DATA:
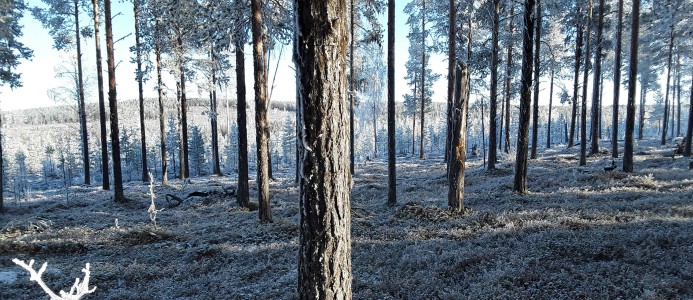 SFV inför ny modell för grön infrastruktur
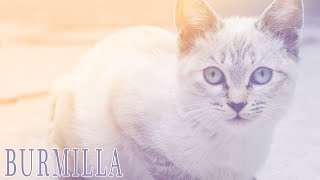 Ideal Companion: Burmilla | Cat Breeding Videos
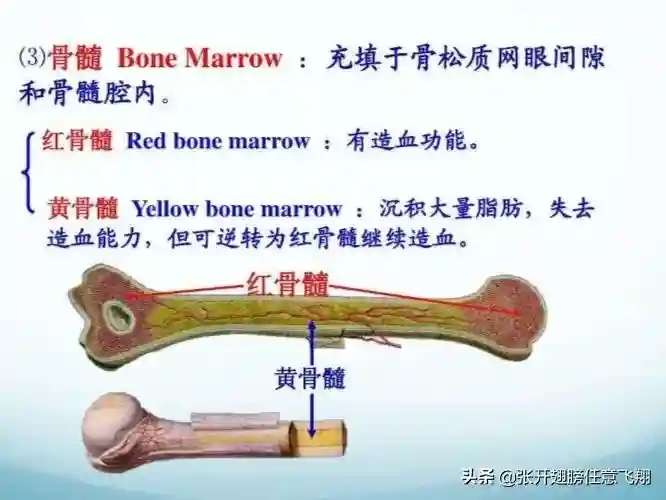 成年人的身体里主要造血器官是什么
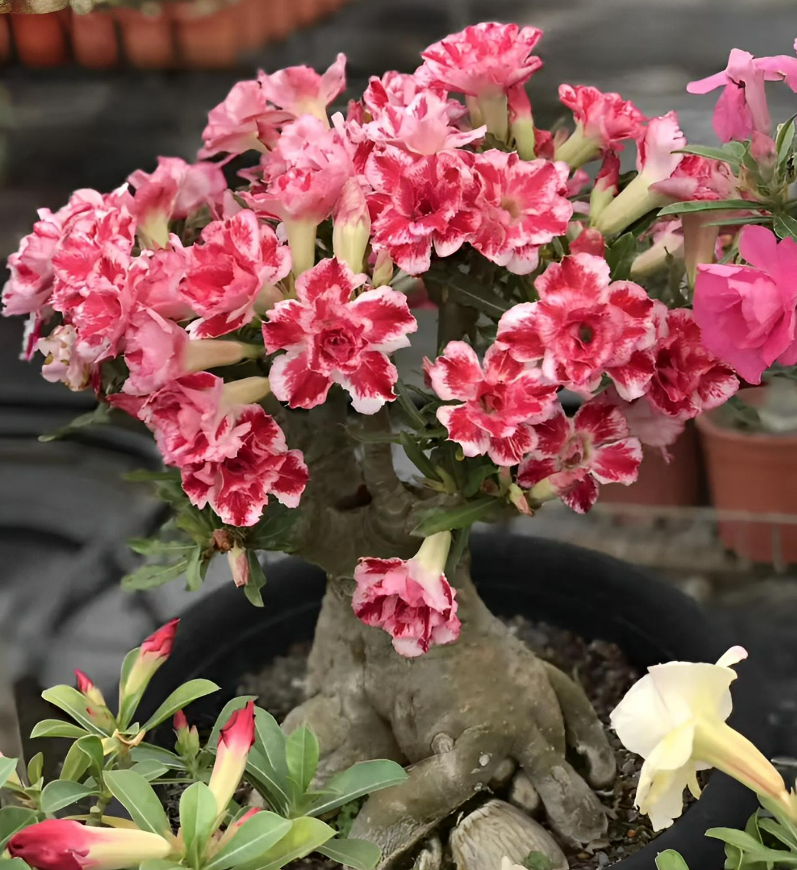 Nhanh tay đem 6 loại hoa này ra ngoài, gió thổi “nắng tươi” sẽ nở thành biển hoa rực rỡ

==

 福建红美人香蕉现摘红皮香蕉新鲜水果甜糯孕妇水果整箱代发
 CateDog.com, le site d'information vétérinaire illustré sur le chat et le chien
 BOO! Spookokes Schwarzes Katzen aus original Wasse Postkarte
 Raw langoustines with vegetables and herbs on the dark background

* * *

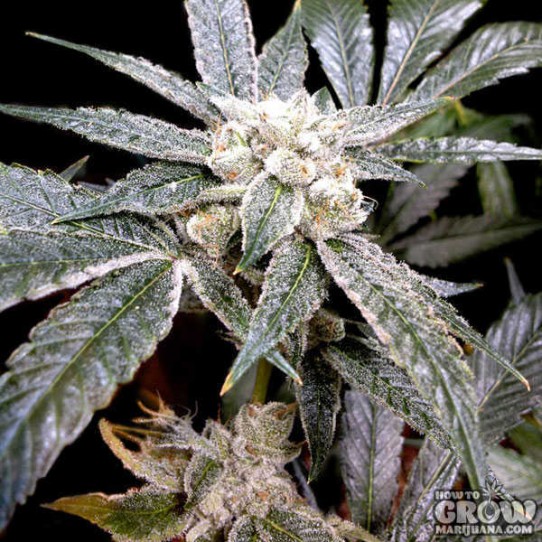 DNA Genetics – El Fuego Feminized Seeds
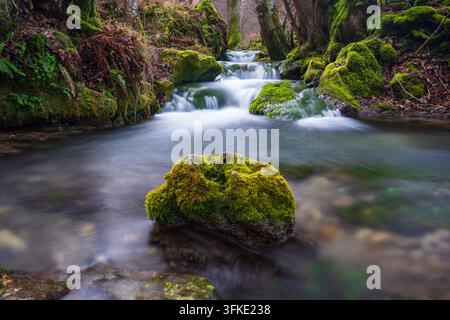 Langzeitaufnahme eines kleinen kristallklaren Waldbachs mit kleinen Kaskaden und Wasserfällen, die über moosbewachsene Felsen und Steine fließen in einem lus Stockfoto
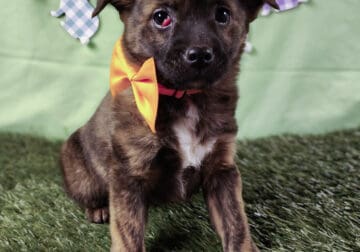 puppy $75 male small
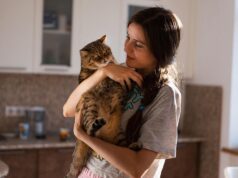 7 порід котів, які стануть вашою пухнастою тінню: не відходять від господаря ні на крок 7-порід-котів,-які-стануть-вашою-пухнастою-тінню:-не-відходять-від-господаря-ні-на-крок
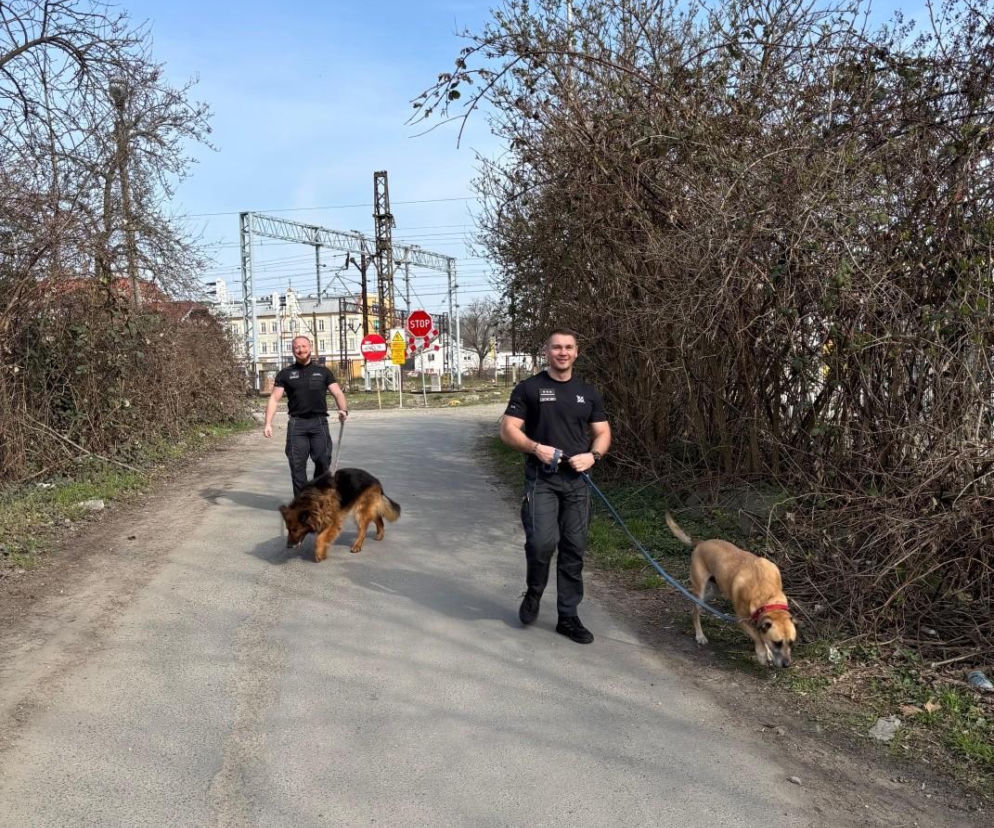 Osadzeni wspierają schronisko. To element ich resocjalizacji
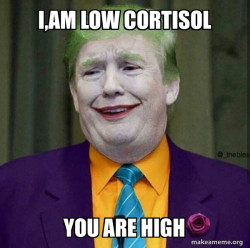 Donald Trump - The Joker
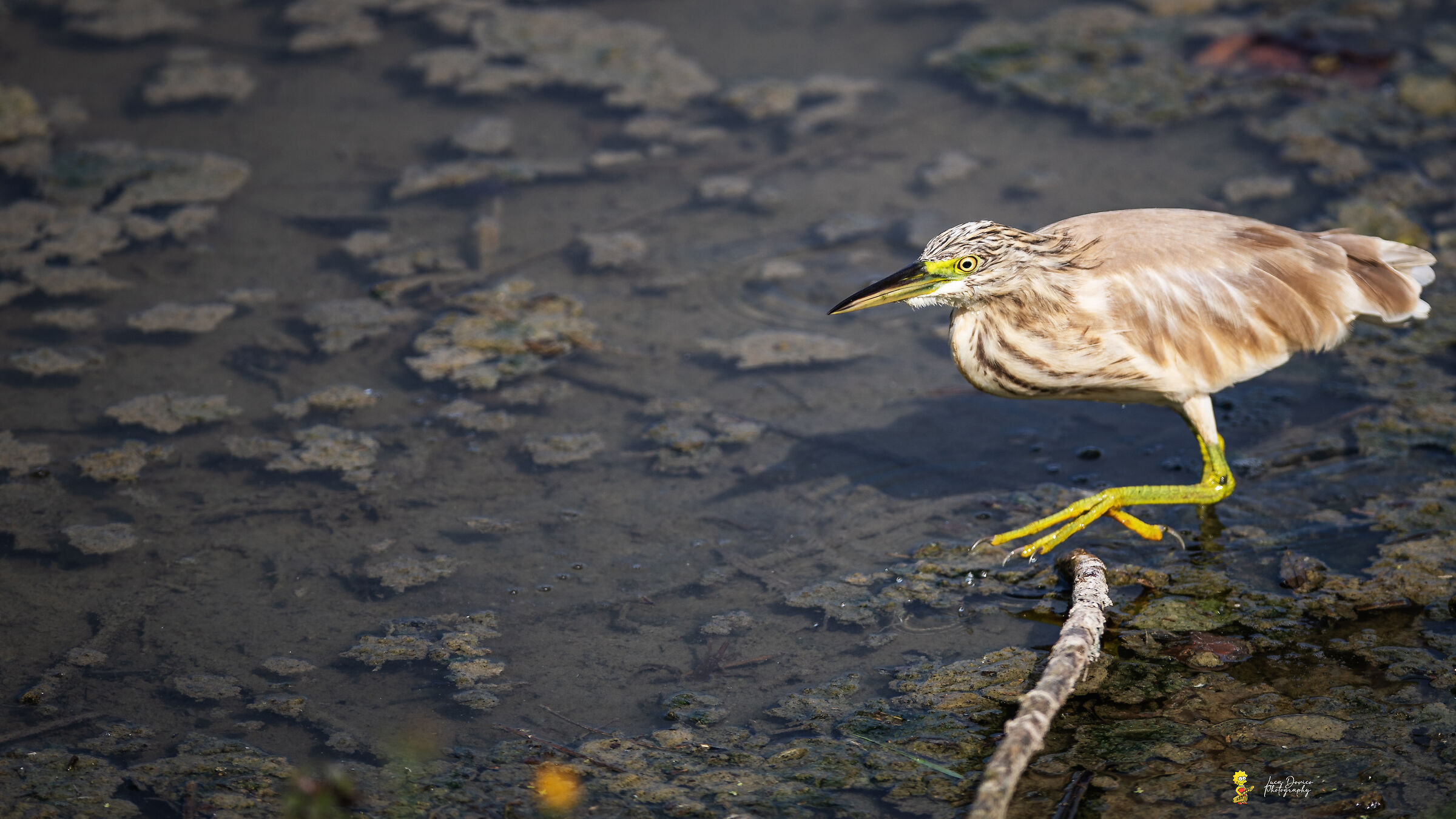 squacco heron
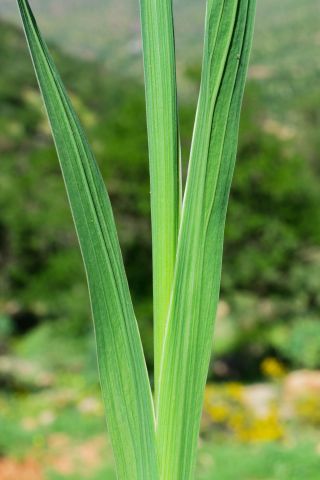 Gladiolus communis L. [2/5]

TASK ITEM:
Within the listing above, find the line containing "SFV inför ny modell för grön infrastruktur" and the line containing "Nhanh tay đem". Transcribe them and everything between them exactly, leaving out the pictures.

THE COMPLETED TASK:
 SFV inför ny modell för grön infrastruktur
 Ideal Companion: Burmilla | Cat Breeding Videos
 成年人的身体里主要造血器官是什么
 Nhanh tay đem 6 loại hoa này ra ngoài, gió thổi “nắng tươi” sẽ nở thành biển hoa rực rỡ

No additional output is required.